I've jokingly referred to Ms. Winfrey as Our Lady Oprah, but I am actually a fan. Not so much of her show, but I do enjoy her magazine. As I desperately to rewire my brain from cynicism and negativity to optimisim, and I do try to focus on the positive, and I find that her magazine does that. One of my favorite columns is her monthly, "What I know for sure" lettter. So here's my interior design centric version:
What I know for Sure about Home Interiors:
1. People (most of them, anyway) and pets (almost all of them) are far more important than your home and the things in it. So if you find yourself delaying or avoiding entertaining friends and family because of the potential mess or damage, get over yourself. There is nothing sadder to me than a perfect home or room that is never used. I'd never trade the joy of snuggling with Cleopatra (cutest, sweetest doggy ever) on the sofa for a pristinely white slipcover. So it's no longer perfect---i'd rather have the memories of hanging out with Cleo. If your family is forced to curtail all their activities to one "safe"zone or drop in guests flee in moments after a quick look around fails to yeild a comfortable perch, perhaps it's time to do a little tweaking. Even if you like formal, or have expensive furniture, the key to being able to relax around it is to make it usable--co-ordinating throws and slip covers can protect delicate or expensive upolstery. Make sure that coasters are handy--I like to put them on every cocktail or side table. Fresh, simply arranged flowers and houseplants, candid family photos, and books (real ones that have been read---not those horrible, bourgeouis fake ones tied with twine--i hate that----"Oh look, I'm so cultured....I have French books, even though I can't read french and have no idea what the subject of the book is, but I couldn't read them anyway because they're tied together with string..."

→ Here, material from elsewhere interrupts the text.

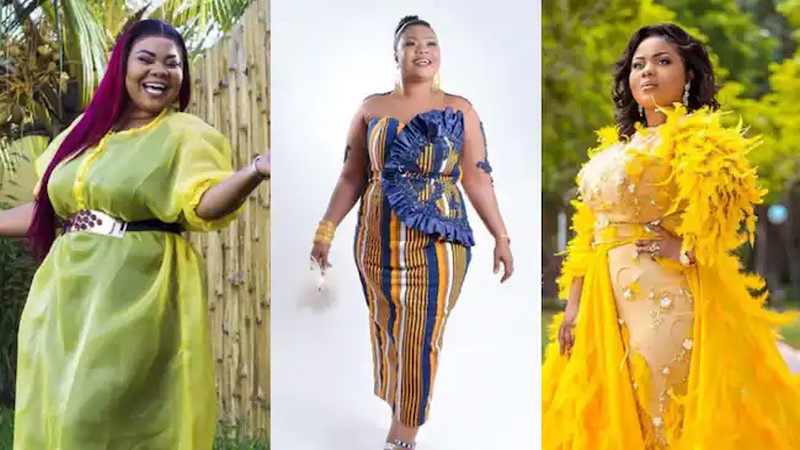 I Dress To Make Money – Empress Gifty Tells Critics - Adomonline.com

2.Use it, cause you may lose it. Hurricane Katrina taught me many things, but one really important lesson I learned is that shit happens, so you might as well use the good china while you can. I'm mean, sure if you use it (and I say that displaying it beautifully in a china cabinet counts as "using" it), it can get broken or damaged, but that's life. We never no how long we have to enjoy things---houses flood, burn, get broken into, etc. Use and enjoy everything you own like it's your last chance...it may be.
3. Let love lead you. Go with what instinctively touches you. My experience has been that if you fall for something, say a fabric, in a particular colourway that justs makes your heart sing....if you decided to change to a "safer" version for practical reasons, you'll always regret it. It's better to move on to something completely different.
4. Pick your paint last. One of the most common design problems I have with clients is trying to retroactively co-ordinate items with an existing paint color. Especially in new construction, builders push clients to pick their paint colors fairly early, and lots of them decided on a palette before picking finishes, and usually before picking fabrics and rugs. The problem is that if you have a fabric featuring robin's egg blue, you can easily find a paint to work with it, or custom match it. However, if you paint first, it's going to be a lot more difficult to find a fabric (especially the more parameters that you place-i.e. price, durability, type of print) that perfectly co-ordinates. The reasons--once you consider custom paint, there is an unlimited number of variations of every color. Their is a much more limited number of available rugs and fabrics--even more limited when you started looking for cheaper options. Again, pick finishes and fabrics first, then paint.
5. You need to get rid of your crap, not organize it. I spend a lot of time and money helping clients and myself organize their things. Honestly, 80% of the things I organize are used so rarely or never that you'd be better off removing them. Give them to relatives, charity, the dump--whatever, just get rid of it.
6. Clean your damn house. You want your house to automatically look better and more polished---clean it. And I mean really clean it---purge unnecessary paper, polish your furniture, donate unwanted items, line and organize your kitchen shelves, wash windows, dry clean or wash curtains, polish hardware, vaccum. Your house will thank you.
7. The 5 things that make a house a home: original art, candid photos, books, fresh flowers and houseplants, and something old.